What you should do: Give all of the listing again word for word, with images excluded.

Given material:

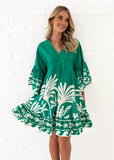V-Neck Print Flared Sleeves Loose Short Dress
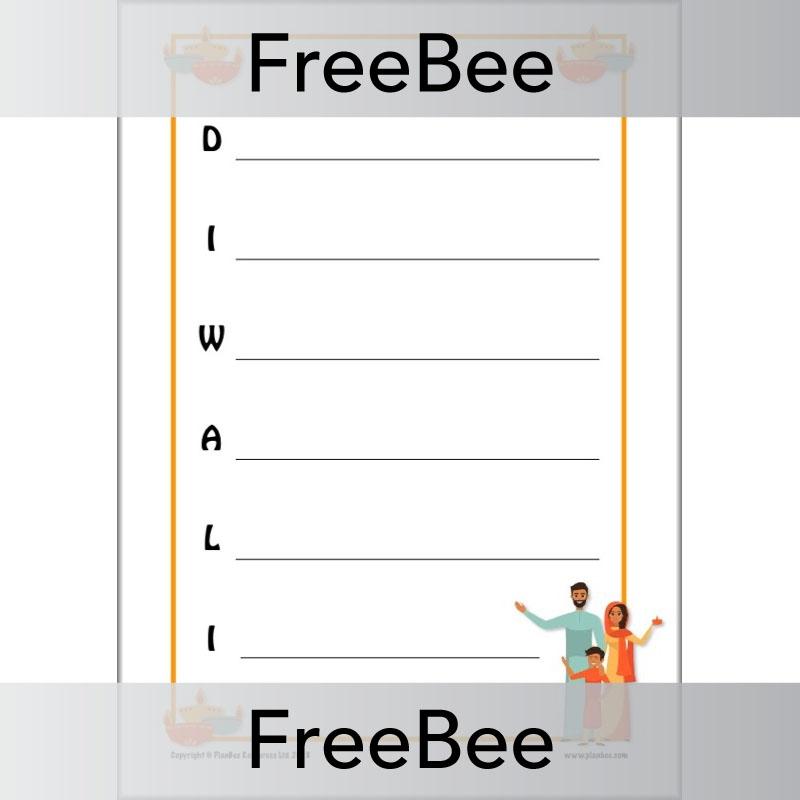 Free Printable Diwali Acrostic Poem Template by PlanBee
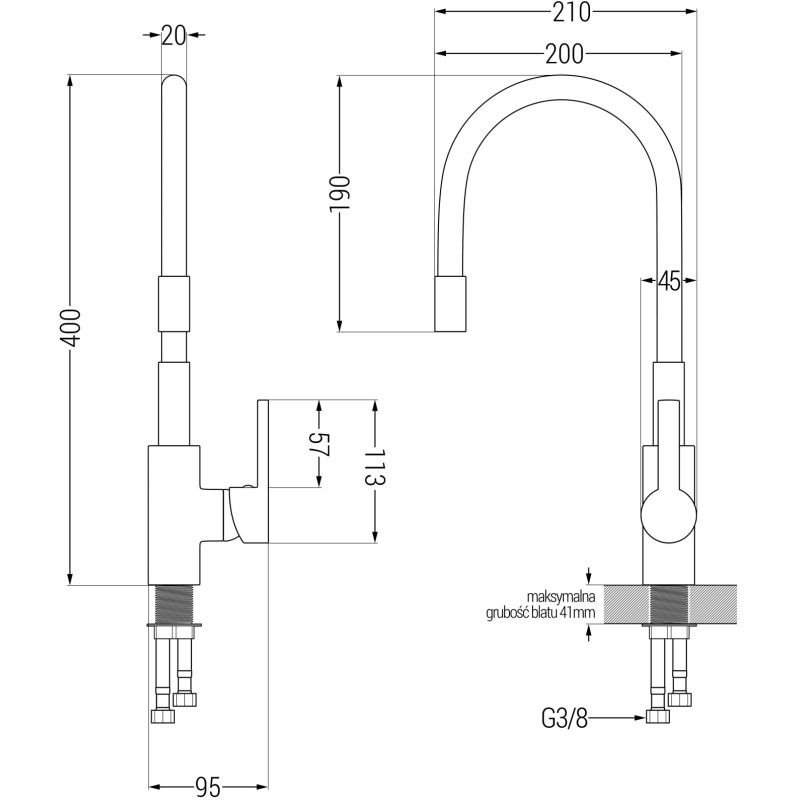 Mexen Flex virtuvės maišytuvas, chromo/juodas - 670900-07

Solution for this problem:
V-Neck Print Flared Sleeves Loose Short Dress
 Free Printable Diwali Acrostic Poem Template by PlanBee
 Mexen Flex virtuvės maišytuvas, chromo/juodas - 670900-07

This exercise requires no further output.